### Data segment
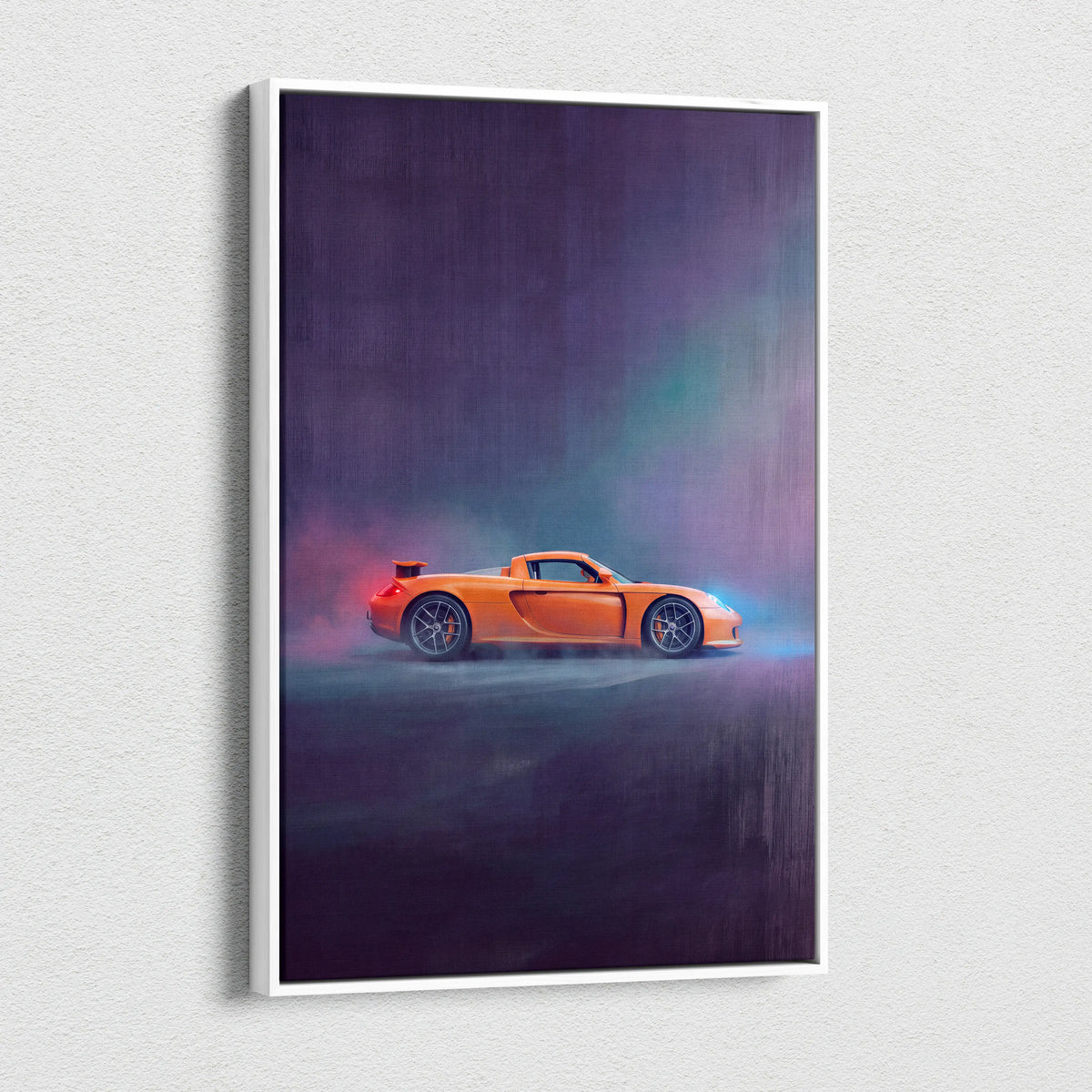 Porsche carrera gt inspired canvas art featuring an orange sports car stylized painting in a white frame for wall decor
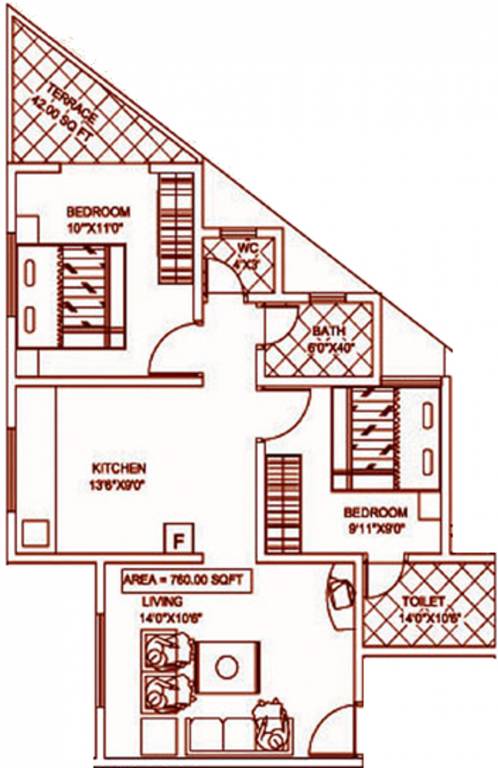 Keystone Developers Silver Oak (2BHK+2T (760 sq ft) 760 sq ft)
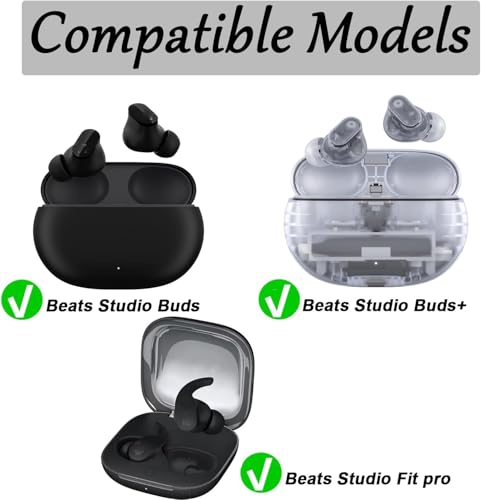 Repuestos de Puntillas para Beats Studio Buds/Fit Pro/Studio Buds+, Auriculares de Silicona en 3 tamaños S/M/L, Cubierta flexible de gel de goma, Accesorios para auriculares - Gris miniatura 3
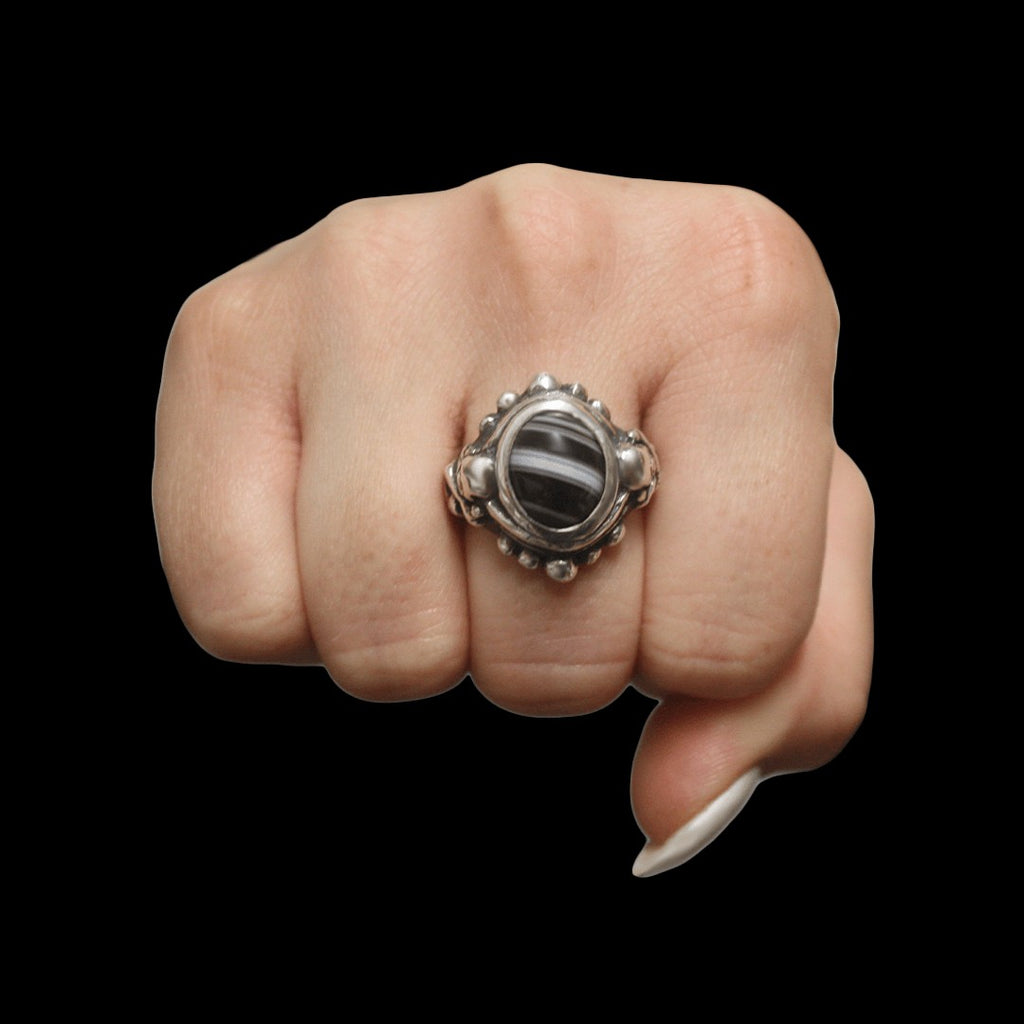Skull & Cross Bone Ring - Victorian Onyx Curiouser Collective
######
--- Directions for this task ---
The task requires that every line above be transcribed exactly, without the images.

--- Answer below ---
 Porsche carrera gt inspired canvas art featuring an orange sports car stylized painting in a white frame for wall decor
 Keystone Developers Silver Oak (2BHK+2T (760 sq ft) 760 sq ft)
 Repuestos de Puntillas para Beats Studio Buds/Fit Pro/Studio Buds+, Auriculares de Silicona en 3 tamaños S/M/L, Cubierta flexible de gel de goma, Accesorios para auriculares - Gris miniatura 3
Skull & Cross Bone Ring - Victorian Onyx Curiouser Collective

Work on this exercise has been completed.